Our system of justice once held the same adversarial notions sacred, but that was before the Anti-Terrorism and Effective Death Penalty Act, the Patriot Act, the Detainees Treatment Act, and the Military Commission Act. Today is the dawn of a new legal era. The government of the United States now sees torture as a means to an end and sacred individual rights as expendable for the sake of the “greater good.” These are dangerous times. Attorneys in the Boumediene case made this clear in one of their briefs to the D.C. Court of Appeals:
“The Government asks this Court to turn the clock back to the early 1600s when the Executive could detain people without cause and without question. The Government's solution to our national shame is not to fix it, but to hide it, even at the expense of our common law traditions, our Constitution, and the freedom of innocent men who were living peacefully in Europe on September 11th.
“Ironically, the Government casts itself as the victim. The Government complains that it has been ‘forced to reconfigure its operations,’ as though it were Petitioners' choice that the Government keeps them incarcerated on a distant island base never intended to function as a prison. The Government laments that litigation has ‘consumed enormous resources,’ as though Petitioners' right not to be deprived of their liberty indefinitely without a lawful basis were a trifling inconvenience. And the Government rebukes counsel for ‘hundreds of visits,’ as though it were counsel's doing that the Government has chosen to imprison over 600 men, without charging them with any crime, and has tortured many of them in violation of basic principles of humane treatment.

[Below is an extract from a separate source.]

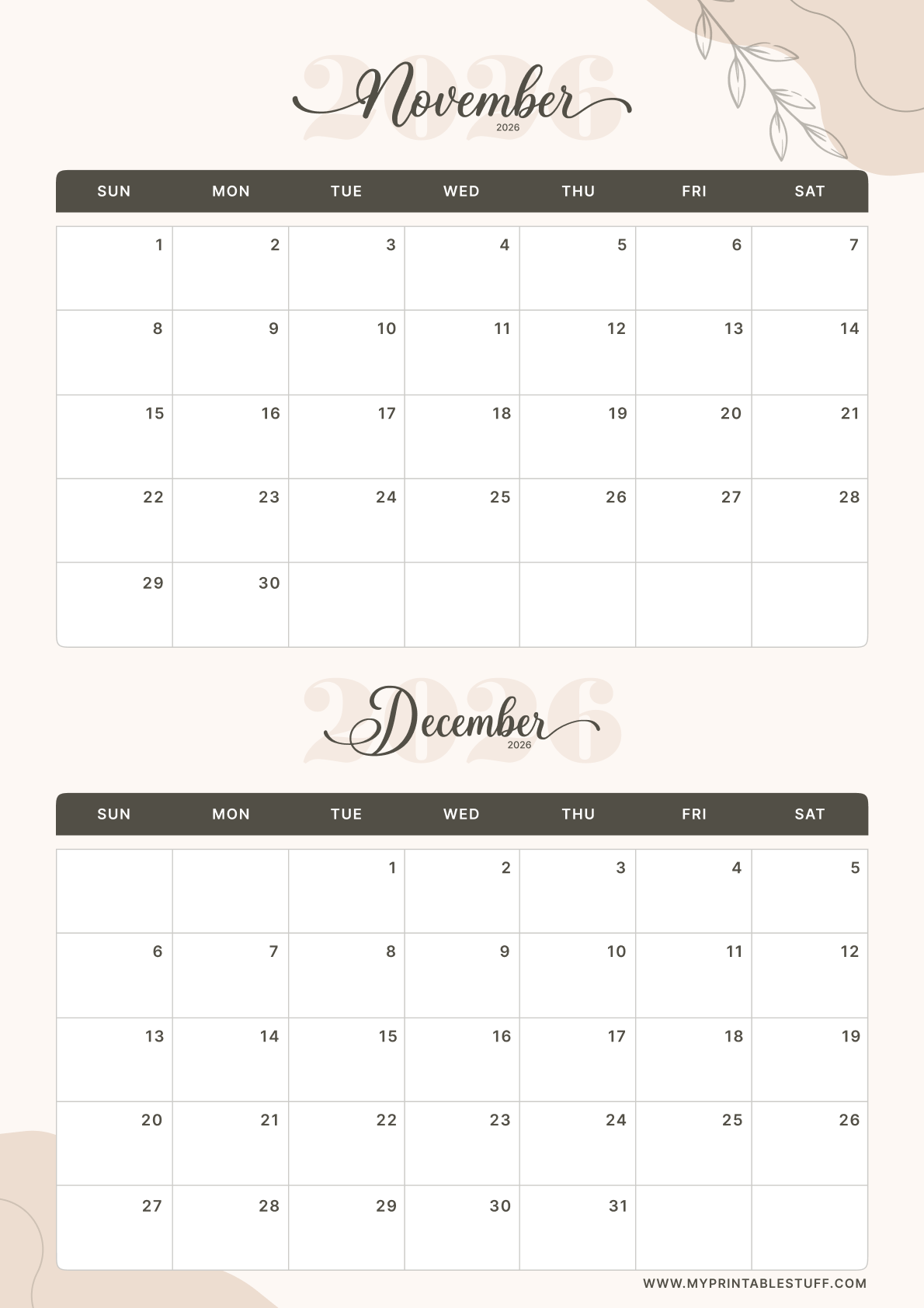 Soft Elegance Design November December 2026 Calendar Portrait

“Notably, while the Government closely restricts visits by small numbers of lawyers, it regularly accommodates and entertains contingents of reporters at Guantanamo. The Government also asserts that ‘habeas counsel have violated protective orders.’ This serious accusation is made without any record substantiation or support. The Government has never alleged any protective order violation by Petitioners' counsel.
“The Government's disappointment that its own misguided and unlawful actions have been exposed does not deserve this Court's sympathy. Nor does it warrant abandoning the fundamental principle of our Anglo-American legal system-that a civilian detained by the Executive may ask that a neutral judge examine the asserted legal and factual basis for his detention and, if it proves insufficient, order his release. The writ of habeas corpus exists precisely to ensure that the Executive does not capriciously cause people to disappear without explanation…Petitioners ask only that a judge examine their confinement in a habeas proceeding. Neither Congress nor our Constitution permits the Government to deny them that opportunity. This Court should hold that the federal courts' jurisdiction over Petitioners' habeas cases continues unaltered.”